02 outubro 2014

de um acto de amor hierarquizado

É claro que existem decisões de afectação dos recursos de uma família que são tomadas pelo homem ou com uma forte intervenção do homem - como a compra do carro ou da casa. Mas estas são decisões raras, que ocorrem de muitos em muitos anos.

As dezenas de decisões diárias de que se compõe o governo de uma casa de família, como aquilo que se vai comer ao almoço e ao jantar, a marca dos sabonetes e do dentífrico,  o detergente para a loiça, os guardanapos, as fraldas para o bebé, a camisa para o filho mais velho, e frequentemente para o marido - decisões que perfazem muitos milhares ao ano - essas são tomadas pela mulher.

É a mulher que governa a casa (com a assistência do homem) porque é ela que toma a esmagadora maioria das decisões de consumo da família.

Na teoria económica convencional, o consumidor é um indíviduo abstracto e sem sexo que, dado o seu mapa de indiferença e a restricção orçamental, decide por um cabaz de bens que maximiza a sua utilidade. Este indivíduo escolhe entre produtos.

(Eu dirijo-me agora sobretudo a economistas, utilizando o jargão da profissão e os seus instrumentos analíticos convencionais, e é claro que me preparo para abanar tudo isso. Não pelo prazer de abanar, mas porque a teoria económica convencional - falo agora da microeconomia - é falsa e só contém algumas verdades).

E a mãe-de-família decide entre quê?

Em primeiro lugar, ela decide entre pessoas, e só depois é que decide entre produtos.

Decide entre pessoas?

Sim. Sendo dada a restricção orçamental, ela atribui prioridade à satisfação das necessidades dos mais novos, aqueles que, sem a sua protecção, teriam mais a sofrer, os mais desprotegidos - e esses são os mais novos.

As necessidades do bebé  têm prioridade sobre as de todos os outros membros da família, seguindo-se as do segundo filho mais novo, etc. - a ordem de prioridades é inversa à idade.

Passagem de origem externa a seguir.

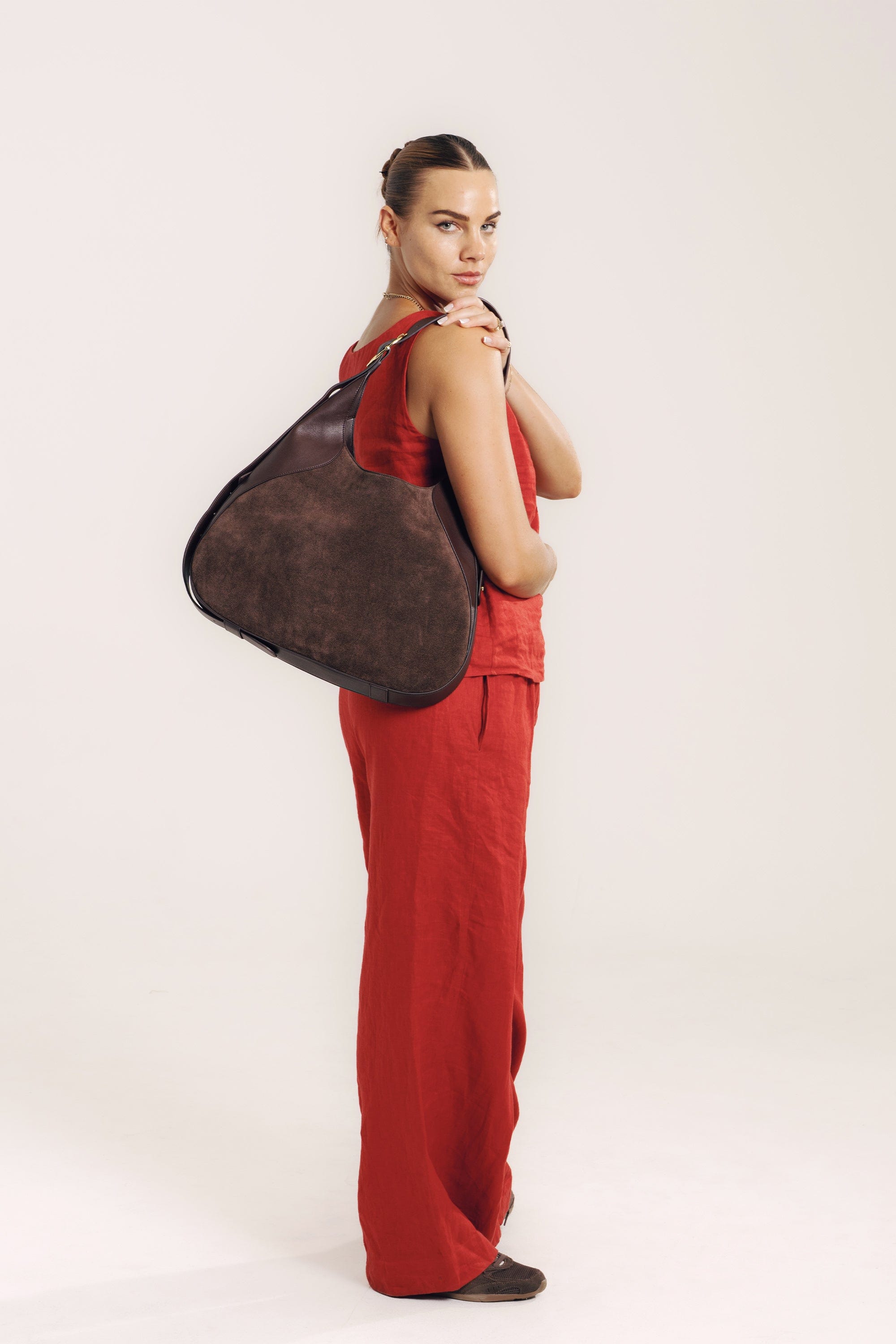 OLEADA NYC Hobo Bag > Leather Hobo Bag For Women > Mini Handbag > Convertible To Shoulder Bag > Fits 14" laptop> Color_Mocha Marina Hobo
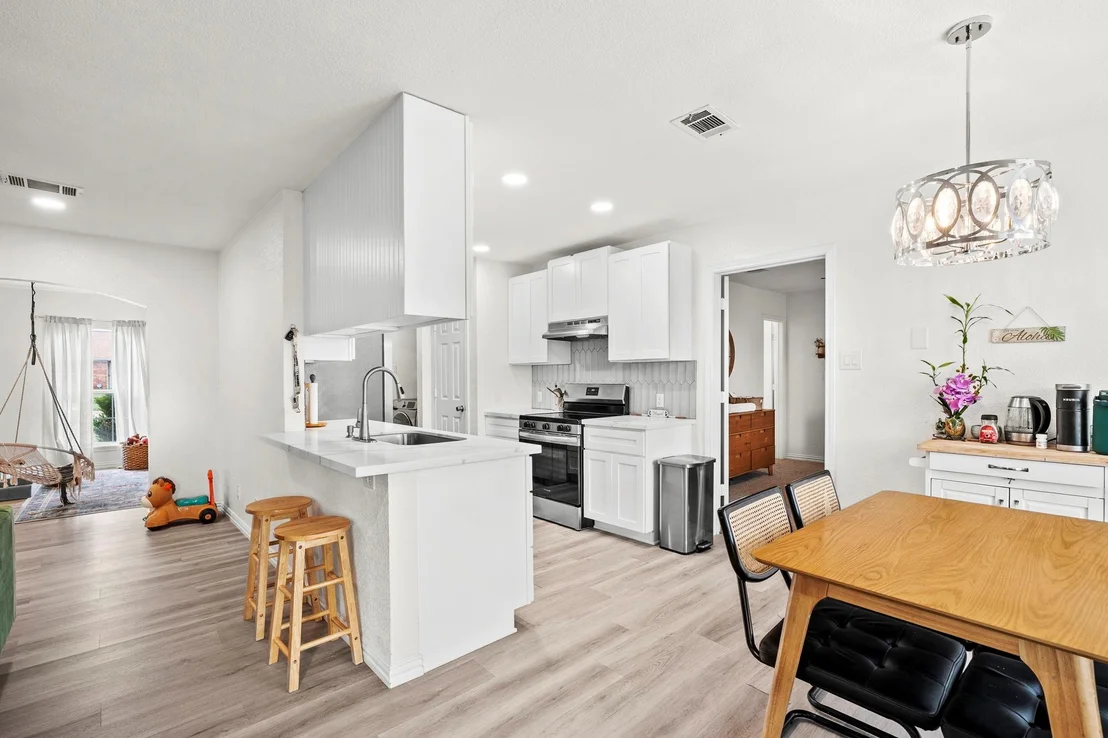 Photo of 4305 Pete DR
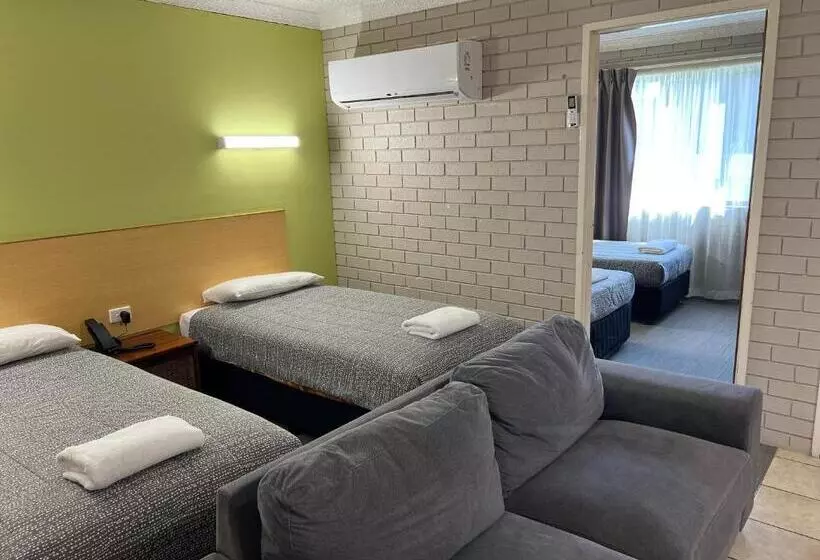 Perhehuone, Tumut Valley Motel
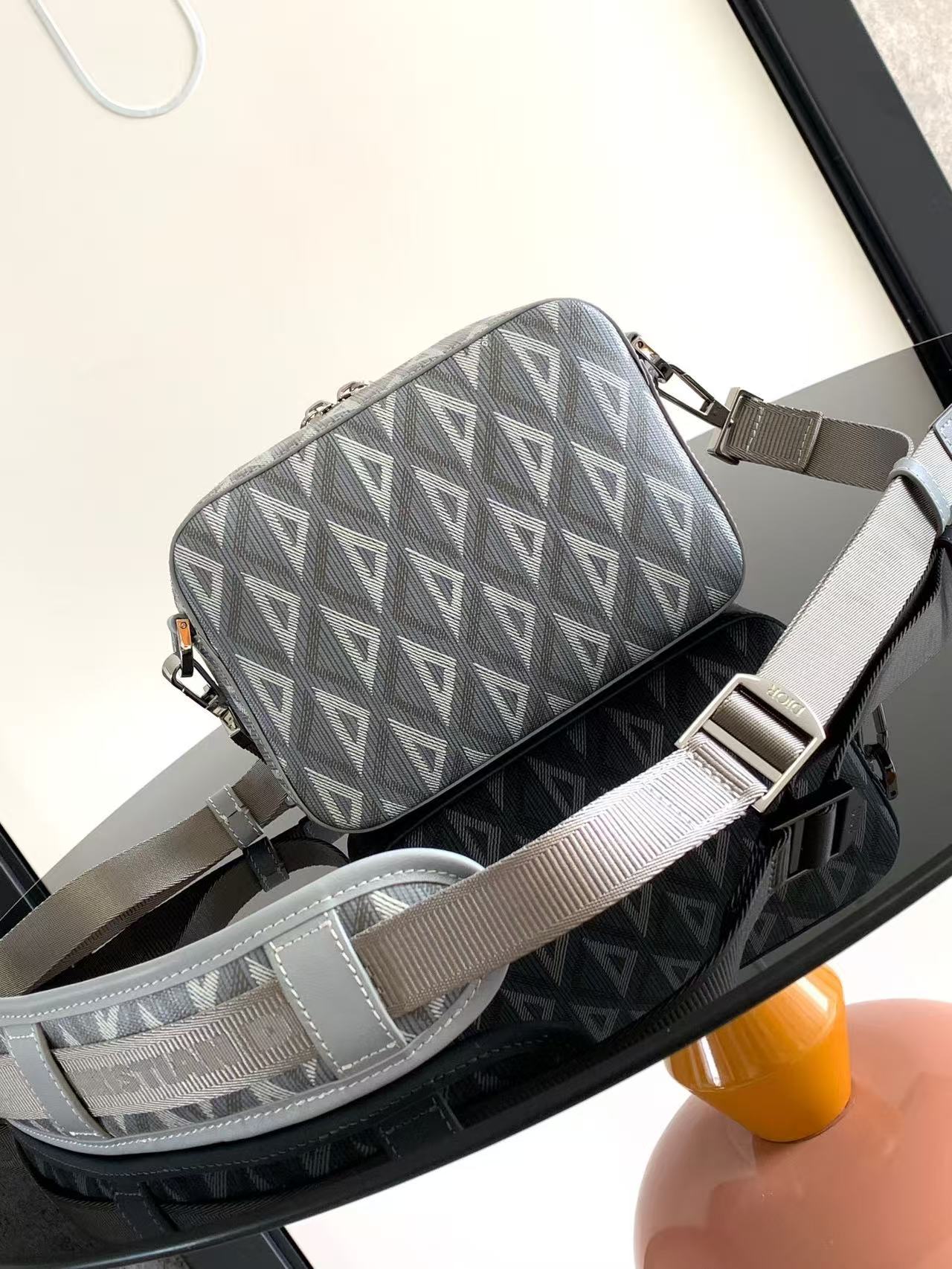 DIOR ディオール  バッグ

Não surpreende que o marido fique para último.

Tendo decidido, em primeiro lugar, aquilo que tem de comprar para o bebé (papa, roupas, cremes, fraldas, etc.) só então é que ela passa a escolher entre produtos (v.g., entre os diferentes tipos de papas que encontra no mercado). E procede igualmente assim para os outros membros da família, seguindo a ordem de prioridades estabelecida, do mais novo para o mais velho (ela normalmente é a penúltima).

Porém,  ao contrário do individuo abstracto que é o consumidor da teoria económica convencional, a sua decisão entre produtos,  sujeita à restrição orçamental, não é feita de molde a maximizar a sua utilidade pessoal. É feita de molde a conferir o maior bem possível ao membro da família a quem a escolha beneficia. Uma mãe-de-família não compra as fraldas para o bebé que ela acha mais bonitas ou que mais a gratificam. Compra as fraldas que, no seu julgamento, são as melhores para o  bebé (dentro, obviamente, da restricção orçamental).

A curva da procura individual (e, por agregação, a curva da procura de mercado) para fraldas não é, como supõe a teoria económica convencional, o resultado de um exercício de amor-próprio ou de egoísmo em que um consumidor abstracto, sendo dadas as suas curvas de indiferença entre fraldas e outros bens, o preço das fraldas e dos outros bens, e ainda o seu rendimento, maximiza a sua utilidade pessoal.

Não. É o resultado de um acto de amor hierarquizado (primeiro os mais novos e depois os mais velhos) em que, sendo dados os preços das várias marcas de fraldas disponíveis no mercado, e o seu rendimento, ela escolhe as fraldas  que são melhores, não para si, mas para o bebé.

E no caso do after-shave usado pelo marido também é assim, também é a mulher a escolher?

É. (Embora por vezes dando ao marido a sensação de que é ele a escolher).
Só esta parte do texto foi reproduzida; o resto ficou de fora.